**DATA UNDER STUDY:**
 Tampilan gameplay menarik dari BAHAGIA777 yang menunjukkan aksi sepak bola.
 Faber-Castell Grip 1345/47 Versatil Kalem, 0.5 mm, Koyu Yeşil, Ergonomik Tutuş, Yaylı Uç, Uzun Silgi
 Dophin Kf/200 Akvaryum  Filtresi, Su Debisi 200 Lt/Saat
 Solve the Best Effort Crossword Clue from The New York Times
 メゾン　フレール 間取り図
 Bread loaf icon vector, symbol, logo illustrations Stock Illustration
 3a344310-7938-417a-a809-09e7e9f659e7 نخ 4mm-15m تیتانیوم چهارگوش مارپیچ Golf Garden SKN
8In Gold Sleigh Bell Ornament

==

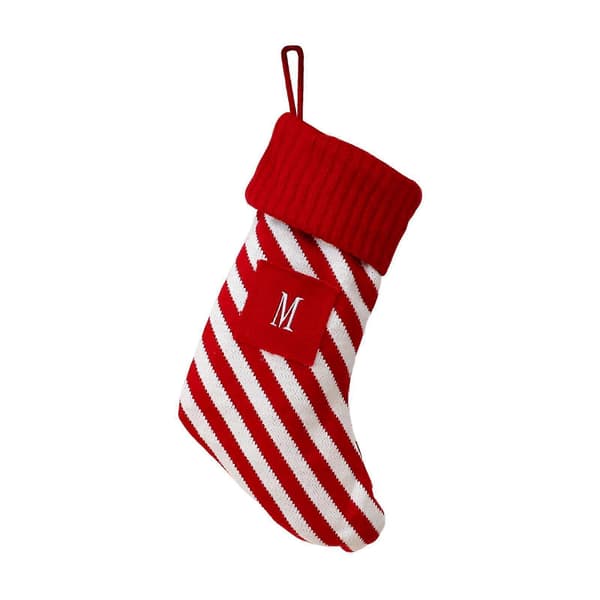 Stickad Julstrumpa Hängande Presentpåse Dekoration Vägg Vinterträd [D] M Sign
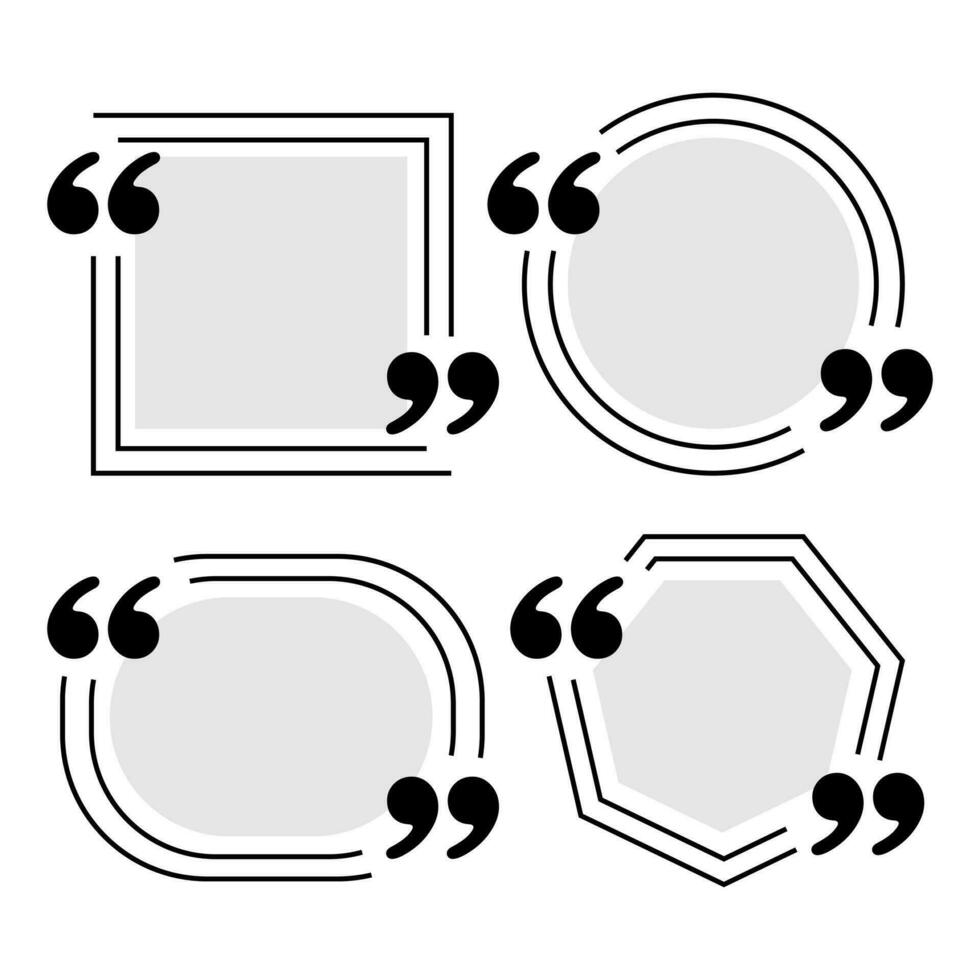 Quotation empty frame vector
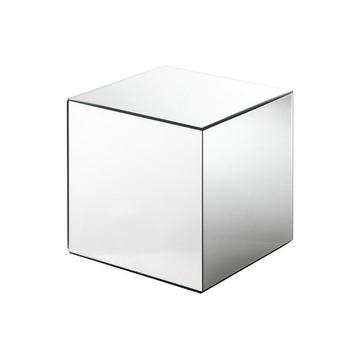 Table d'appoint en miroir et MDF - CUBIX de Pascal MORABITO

...

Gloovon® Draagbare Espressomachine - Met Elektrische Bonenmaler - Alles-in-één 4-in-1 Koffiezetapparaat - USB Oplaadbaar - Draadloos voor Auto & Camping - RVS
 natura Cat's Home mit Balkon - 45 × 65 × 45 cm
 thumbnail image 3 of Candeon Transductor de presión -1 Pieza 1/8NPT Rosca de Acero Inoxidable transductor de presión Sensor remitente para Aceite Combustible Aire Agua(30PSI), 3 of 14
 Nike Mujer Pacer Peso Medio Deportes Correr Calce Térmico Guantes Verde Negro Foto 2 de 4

**WHAT THE TASK REQUIRES:** When you reach the line in the material above that holds "Tampilan gameplay menarik", begin reproducing lines exactly, and stop after the line that holds "8In Gold Sleigh Bell Ornament".

**FINISHED TASK:**
 Tampilan gameplay menarik dari BAHAGIA777 yang menunjukkan aksi sepak bola.
 Faber-Castell Grip 1345/47 Versatil Kalem, 0.5 mm, Koyu Yeşil, Ergonomik Tutuş, Yaylı Uç, Uzun Silgi
 Dophin Kf/200 Akvaryum  Filtresi, Su Debisi 200 Lt/Saat
 Solve the Best Effort Crossword Clue from The New York Times
 メゾン　フレール 間取り図
 Bread loaf icon vector, symbol, logo illustrations Stock Illustration
 3a344310-7938-417a-a809-09e7e9f659e7 نخ 4mm-15m تیتانیوم چهارگوش مارپیچ Golf Garden SKN
8In Gold Sleigh Bell Ornament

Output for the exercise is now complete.